Speaker Dogara said in his remarks at the launch of a public hearing organised by the House Committee on Information and National Orientation, Ethics and values: “As a parliament, we must weigh very carefully the cost of setting up new Government Agencies especially during this period of economic recession. Sometimes instead of establishing new agencies we may just amend the laws setting up similar existing agencies by incorporating the mandate of the new agencies in the old one. This is because to set up a new bureaucracy with complement of Directors, offices, equipment may be unnecessary.”

BoI’s Position
In his presentation at the hearing, the Acting Managing Director, BoI, Mr. Waheed Olagunju who is endowed with considerable institutional memory and is unarguably of Nigeria’s leading authority on the evolution and performance of development finance institutions said “The BoI, as presently constituted, is fulfilling the mandate envisaged in the proposed legislation by supporting genuine entrepreneurs. Therefore, it should be left to continue its operations as it is. The merger envisaged in the proposed bill took place fifteen years with the merger of the mandates of NIDB, NBCI and NERFUND.

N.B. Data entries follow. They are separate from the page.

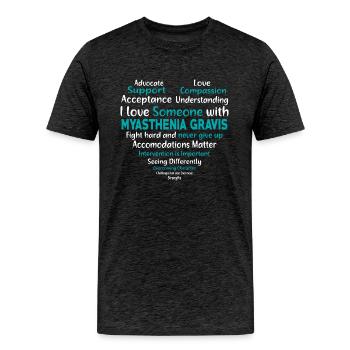 Myasthenia Gravis Awareness Support Heart - Men's Premium Organic T-Shirt - charcoal grey - Front - AI Model Male 185 light (185cm)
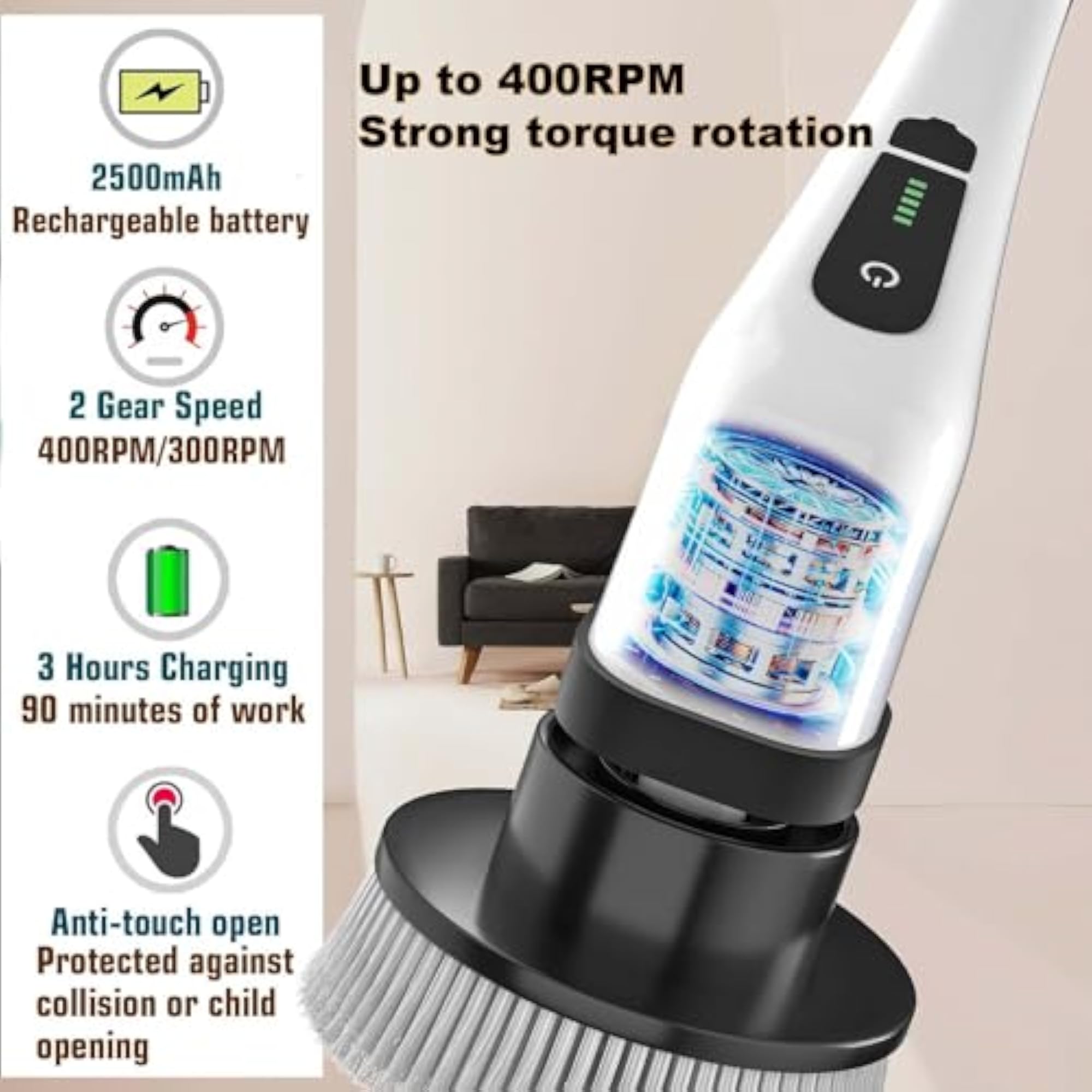 MGLS Deet Electric Spin Scrubber Cleaning Brush Kit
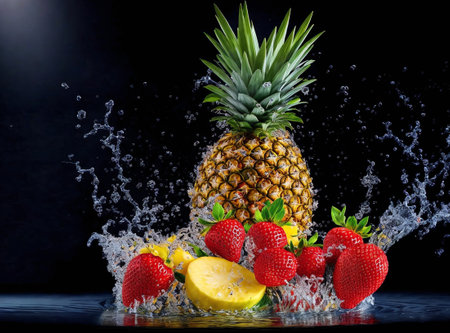 Pineapple, strawberries and pineapple in water splash on black backgroundの素材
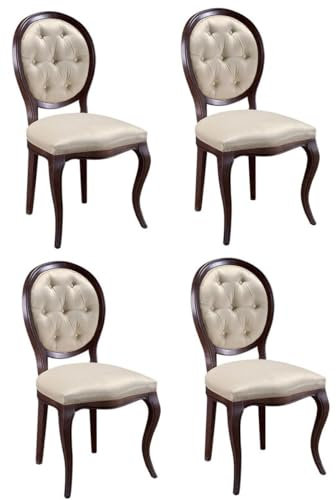 Casa Padrino Luxus Jugendstil Chesterfield Esszimmer Set Dunkelbraun/Cremefarben 51 x 44 x H. 99 cm - 4 Esszimmerstühle - Esszimmermöbel
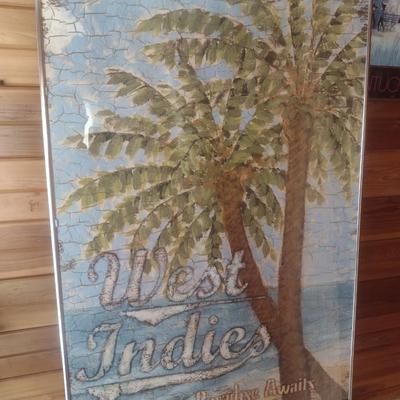 Large Framed Print West Indies with Palm Trees and Ocean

According to him, “the fifty-seven (57) year old institution that metamorphosed into BoI 15 years ago should be provided with more suitable capital to be able to further support the real sector instead of duplicating functions by creating new development finance institutions, bearing in mind the failure of similar DFIs in the past, such as the NBCI, NERFUND, People’s Bank, Community Banks, etc.”

He recalled that the Ahmed Joda Committee that was set up by President Obasanjo during his first term was mandated to rationalize the multitude of federal government agencies performing identical functions. The merger of NIDB, NBCI and NERFUND to form the Bank of Industry as well as the merger of the Nigerian Agricultural and Cooperative Bank with the Peoples Bank of Nigeria to form Bank of Agriculture were amongst the Committee’s major recommendations stated Mr. Olagunju.

He added that because the recommendations of the Joda Committee were not fully implemented the Jonathan Administration set up another Presidential Committee on the Rationalisation of Federal Government Parastatals, Commissions and Agencies headed by Mr. Steve Orosanye.

Mr. Olagunju concluded by advising that ”the National Assembly should support industrialisation by enacting legislation that will help create an enabling environment for business to thrive, such as an amendment to the Land Use Act, tax incentives for SMEs and establishment of industrial parks.

“This will substantially address the demand side challenges of finance for SMEs in Nigeria, as vagaries of the business environment have been making the sector unattractive to private and public lenders.”

The two-level option
This option was aptly captured at the Committee hearing by the CEO of the Nigeria Economic Summit Group, Loaye Jayiola. He said:

“I believe what we are trying to do is to raise much more funds for our people. In doing that we have to be careful! In March 2015, an event on a Development Bank of Nigeria took place in Abuja, and it was applauded because it was said the Bank was to raise big-ticket funds.

“The understanding was that the Development Bank was to operate at the wholesale level, while BoI, the Bank of Agriculture and the Federal Mortgage Bank operate at the retail level. So, if we are considering development banks in Nigeria, we need to recognise these two levels: wholesale banks to attract big-ticket funds for the retailers to disburse the funds to entrepreneurs.”

While strongly agreeing with Labour and the OPS that BOI should not be scrapped, the NESG CEO was emphatic that we don’t have to throw away the baby with the bath water.

Then he warns: We don’t have to use legislation to stop the flow of funds to entrepreneurs; we don’t have to kill ourselves. Rather, let’s build a bigger cake.”